Ein knappes Jahr später wird Daniel W. (Name geändert) von zwei Polizeibeamten in den Gerichtssaal geführt. Er hält sich ein Blatt Papier vors Gesicht, als Schutz vor den Fotografen. An seinem 23. Geburtstag steht W., Trainingsjacke, das Haar streng gescheitelt, vor dem Landgericht München. Er ist des Mordes angeklagt.

Am Abend des 12. Juli vergangenen Jahres soll W. den 74-Jährigen in dessen Haus in Herrsching am Ammersee erstochen haben. Die Staatsanwaltschaft geht davon aus, dass der damals 22-Jährige den Rentner unter anderem aus Habgier getötet hat. Er habe die „Arg- und Wehrlosigkeit“, seines Opfers ausgenutzt, erklärt Staatsanwalt Matthias Enzler. Laut der Anklage war W. aus seiner Heimat Serbien nach Bayern gekommen, um mit Diebstählen und Raubüberfällen an Geld zu kommen.

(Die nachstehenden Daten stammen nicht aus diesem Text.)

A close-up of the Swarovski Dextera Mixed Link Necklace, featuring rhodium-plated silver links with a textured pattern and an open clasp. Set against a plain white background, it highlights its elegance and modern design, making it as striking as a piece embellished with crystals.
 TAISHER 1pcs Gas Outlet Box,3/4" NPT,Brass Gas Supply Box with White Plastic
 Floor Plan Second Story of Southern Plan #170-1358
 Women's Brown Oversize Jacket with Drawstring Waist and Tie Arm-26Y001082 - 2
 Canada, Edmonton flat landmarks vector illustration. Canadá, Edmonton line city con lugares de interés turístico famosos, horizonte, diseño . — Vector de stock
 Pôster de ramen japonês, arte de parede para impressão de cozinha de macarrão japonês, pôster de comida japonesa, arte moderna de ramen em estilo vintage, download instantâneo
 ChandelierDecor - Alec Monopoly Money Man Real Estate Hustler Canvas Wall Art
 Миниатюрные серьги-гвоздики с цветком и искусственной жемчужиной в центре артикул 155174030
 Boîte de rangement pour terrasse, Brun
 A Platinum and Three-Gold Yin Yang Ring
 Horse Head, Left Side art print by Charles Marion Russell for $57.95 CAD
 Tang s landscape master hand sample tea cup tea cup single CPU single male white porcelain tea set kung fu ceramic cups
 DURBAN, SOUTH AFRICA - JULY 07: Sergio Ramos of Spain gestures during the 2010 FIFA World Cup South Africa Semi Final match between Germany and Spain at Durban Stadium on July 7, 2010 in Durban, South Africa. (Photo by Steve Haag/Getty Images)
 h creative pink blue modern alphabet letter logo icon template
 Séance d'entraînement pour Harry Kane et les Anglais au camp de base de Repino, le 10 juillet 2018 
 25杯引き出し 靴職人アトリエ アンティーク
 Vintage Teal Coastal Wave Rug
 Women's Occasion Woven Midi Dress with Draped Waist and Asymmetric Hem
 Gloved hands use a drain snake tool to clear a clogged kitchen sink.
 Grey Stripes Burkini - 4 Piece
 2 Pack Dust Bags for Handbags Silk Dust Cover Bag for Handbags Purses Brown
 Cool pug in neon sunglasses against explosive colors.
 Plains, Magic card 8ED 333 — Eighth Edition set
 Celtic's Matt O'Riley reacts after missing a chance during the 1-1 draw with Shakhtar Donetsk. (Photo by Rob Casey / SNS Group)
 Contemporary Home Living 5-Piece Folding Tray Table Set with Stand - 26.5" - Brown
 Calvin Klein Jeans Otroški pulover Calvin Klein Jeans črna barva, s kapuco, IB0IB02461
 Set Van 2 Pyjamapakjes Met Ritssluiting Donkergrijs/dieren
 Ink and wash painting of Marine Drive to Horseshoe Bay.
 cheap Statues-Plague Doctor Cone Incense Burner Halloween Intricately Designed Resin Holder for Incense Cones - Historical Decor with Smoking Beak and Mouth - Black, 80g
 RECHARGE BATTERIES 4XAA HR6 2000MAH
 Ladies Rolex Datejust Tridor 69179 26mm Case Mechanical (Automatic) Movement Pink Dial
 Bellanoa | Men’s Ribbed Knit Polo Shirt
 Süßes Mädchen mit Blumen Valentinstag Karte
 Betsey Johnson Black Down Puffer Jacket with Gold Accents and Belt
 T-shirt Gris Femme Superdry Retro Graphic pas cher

In seiner Heimat soll W. einer Bekannten seiner Familie mehrere Zehntausend Euro gestohlen und einen Großteil davon verprasst haben. Weil seine Familie ihn drängte, die Beute zurückzuzahlen und er die Verfolgung durch die serbische Polizei fürchtete, flog W. von Belgrad nach München, um in Deutschland das Geld aufzutreiben. Dafür fuhr W. am Nachmittag des 12. Juli von München nach Herrsching. Er nahm sich ein Hotelzimmer und begab sich auf die Suche nach Zielen. Dort entdeckte W. schließlich das Anwesen des späteren Opfers.